The GeDDiS trial was a randomised controlled phase 3 trial done in 24 UK hospitals and one Swiss Group for Clinical Cancer Research (SAKK) hospital. Eligible patients had histologically confirmed locally advanced or metastatic soft-tissue sarcoma of Trojani grade 2 or 3, disease progression before enrolment, and no previous chemotherapy for sarcoma or previous doxorubicin for any cancer. Patients were randomly assigned 1:1 to receive six cycles of intravenous doxorubicin 75 mg/m 2 on day 1 every 3 weeks, or intravenous gemcitabine 675 mg/m 2 on days 1 and 8 and intravenous docetaxel 75 mg/m 2 on day 8 every 3 weeks. Treatment was assigned using a minimisation algorithm incorporating a random element. Randomisation was stratified by age (≤18 years vs >18 years) and histological subtype. The primary endpoint was the proportion of patients alive and progression free at 24 weeks in the intention-to-treat population. Adherence to treatment and toxicity were analysed in the safety population, consisting of all patients who received at least one dose of their randomised treatment. The trial was registered with the European Clinical Trials (EudraCT) database (no 2009–014907–29) and with the International Standard Randomised Controlled Trial registry (ISRCTN07742377), and is now closed to patient entry.
Between Dec 3, 2010, and Jan 20, 2014, 257 patients were enrolled and randomly assigned to the two treatment groups (129 to doxorubicin and 128 to gemcitabine and docetaxel). Median follow-up was 22 months (IQR 15·7–29·3).

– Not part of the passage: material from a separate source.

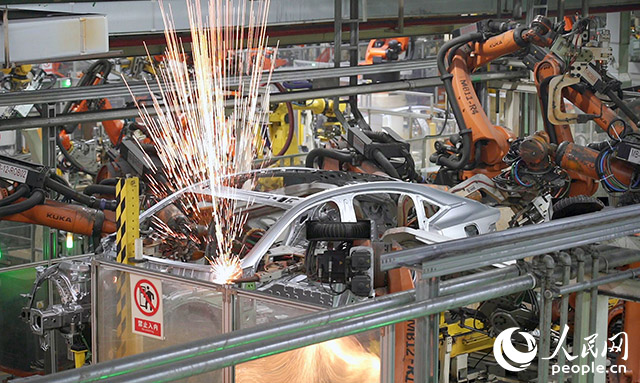 長(zhǎng)安汽車兩江工廠，機(jī)械臂正在工作。人民網(wǎng)記者 劉祎攝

The proportion of patients alive and progression free at 24 weeks did not differ between those who received doxorubicin versus those who received gemcitabine and docetaxel (46·3% [95% CI 37·5–54·6] vs 46·4% [37·5–54·8]); median progression-free survival (23·3 weeks [95% CI 19·6–30·4] vs 23·7 weeks [18·1–20·0]; hazard ratio [HR] for progression-free survival 1·28, 95% CI 0·99–1·65, p=0·06). The most common grade 3 and 4 adverse events were neutropenia (32 [25%] of 128 patients who received doxorubicin and 25 [20%] of 126 patients who received gemcitabine and docetaxel), febrile neutropenia (26 [20%] and 15 [12%]), fatigue (eight [6%] and 17 [14%]), oral mucositis (18 [14%] and two [2%]), and pain (ten [8%] and 13 [10%]). The three most common serious adverse events, representing 111 (39%) of all 285 serious adverse events recorded, were febrile neutropenia (27 [17%] of 155 serious adverse events in patients who received doxorubicin and 15 [12%] of 130 serious adverse events in patients who received gemcitabine and docetaxel, fever (18 [12%] and 19 [15%]), and neutropenia (22 [14%] and ten [8%]). 154 (60%) of 257 patients died in the intention-to-treat population: 74 (57%) of 129 patients in the doxorubicin group and 80 (63%) of 128 in the gemcitabine and docetaxel group. No deaths were related to the treatment, but two deaths were due to a combination of disease progression and treatment.
Doxorubicin should remain the standard first-line treatment for most patients with advanced soft-tissue sarcoma. These results provide evidence for clinicians to consider with their patients when selecting first-line treatment for locally advanced or metastatic soft-tissue sarcoma.